Chintalapati Srinivasa Raju is an Indian Entrepreneur and Private equity Investor. Srini Raju was the founding Chief Executive Officer (CEO) and managing director (MD) of Dun & Bradstreet Satyam Software,  the in-house technology unit of Dun & Bradstreet, established in 1994, which focused on implementing large-scale IT projects for Dun & Bradstreet businesses. DBSS was later renamed Cognizant.

Srini later became the Co-founder and Chairman of  iLabs Venture Capital Fund, a Private equity firm based in Hyderabad. Besides funding and mentoring next generation entrepreneurs, he plays an active role in building Educational Institutions of higher learning.

Early life and education 
Srini Raju was born in 1961 at Khajipalem village, Guntur District, Andhra Pradesh. His father, Anjiraju Chintalapati was a farmer. After completing his school education, he went to the National Institute of Technology, Kurukshetra and graduated in 1983 with an Honours Degree, BE (Civil Engineering). In 1986 he received his master's degree in Civil & Environmental Engineering from Utah State University, USA.

Career 
Srini Raju was the Founding CEO & MD of Dun & Bradstreet Satyam Software the in-house technology unit of Dun & Bradstreet, established in 1994, which focused on implementing large-scale IT projects for Dun & Bradstreet businesses. DBSS was later renamed as Cognizant.

Srini later became the Co-founder and Chairman of  iLabs Venture Capital Fund, a Private Equity (PE) firm based out of Hyderabad. 

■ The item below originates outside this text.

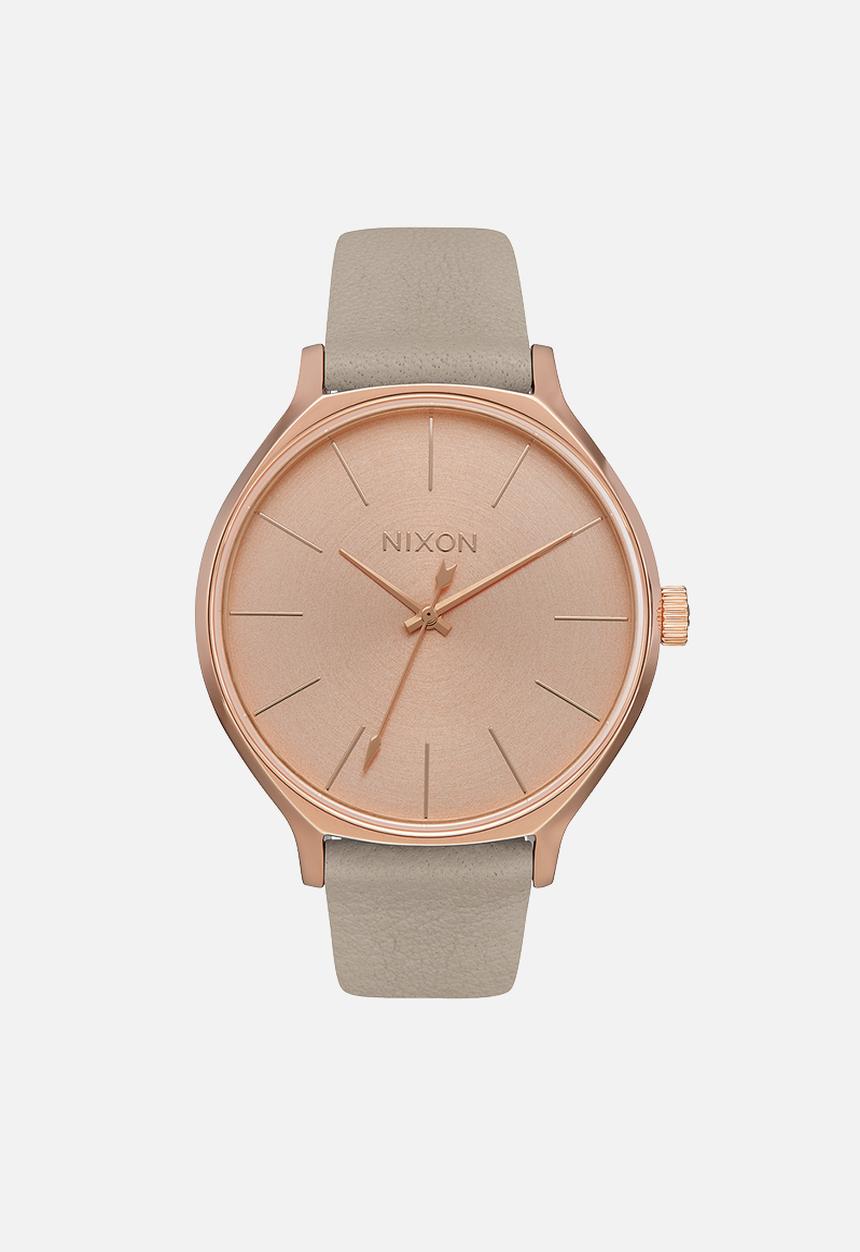 Nixon - Clique leather - rose gold / grey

Mr. Srini Raju founded iLabs Group in 2000. iLabs Group is one of the pioneers of the Investment Ecosystem in India. Over the years, it has grown its scope in terms of both Investment and Industry. Originally started as an Angel Investor, iLabs Capital has expanded into, Seed-Stage, Early-Stage and Growth-Stage Investments, as well as Re-Structures and Buy-Outs. Initially focused on technology and technology enabled Ventures, iLabs Capital has extended into Consumer Products & Services; Health Care; Skills-Development; Media and Entertainment; Corporate and Industrial Parks. Today, iLabs Group is one of the front-runners of the investment landscape in India.

Srini has over 35 years of experience in Information Technology, Venture Capital and Private Equity. Prior to iLabs Group, Srini was Founding CEO & MD of Dun & Bradstreet Satyam Software (later became Cognizant Technology Solutions) and Satyam Enterprise Solutions.

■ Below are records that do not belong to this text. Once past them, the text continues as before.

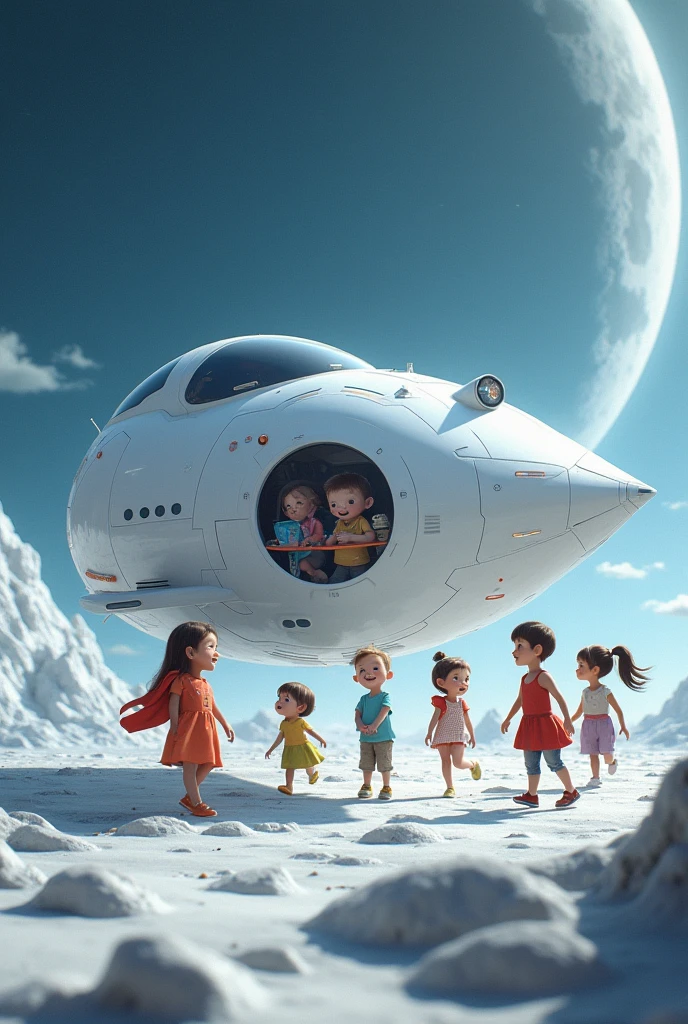Playing Little kids on futuristic white spaceship near at the moon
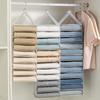 Hanging Trousers Clothes Storage Bag - Layered PVC Divider for Household Use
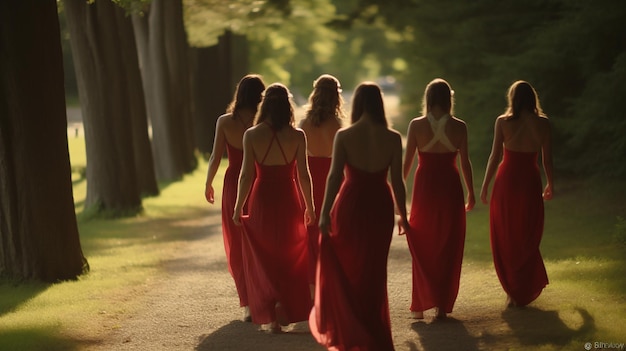 la novia con un grupo de damas de honor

A number of iLabs Investee Companies have become Leading Companies in their respective areas. Sri City, a leading Industrial City started by iLabs Group is home to over 150 companies from 25 Countries and two of India's leading Universities.

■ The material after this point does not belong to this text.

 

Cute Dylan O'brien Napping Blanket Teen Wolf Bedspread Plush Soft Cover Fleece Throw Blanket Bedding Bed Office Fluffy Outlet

Srini is passionate about Educations and Skills Development. He is a Founding Member & Member of Governing Council of International Institute of Information Technology (IIIT), Hyderabad; Industry Partner (Donor) & Member of Board of Governors of Indian Institute of Information Technology, Sri City; Executive Board Member of Indian School of Business (ISB) and Benefactor of Srini Raju Center for Networked Economy (SRITNE); Co-Sponsor (Donor) and Board Member of KREA University; and Founding-Member & Board Member of T-Hub, Hyderabad.; Chairman/President of The Institute of Public Health Sciences Hyderabad Society.

Professional affiliations 
Besides investing and mentoring young professionals and entrepreneurs, he is continuing to make large contributions to the cause of building Institutions of Excellence in the field of Management and Technology.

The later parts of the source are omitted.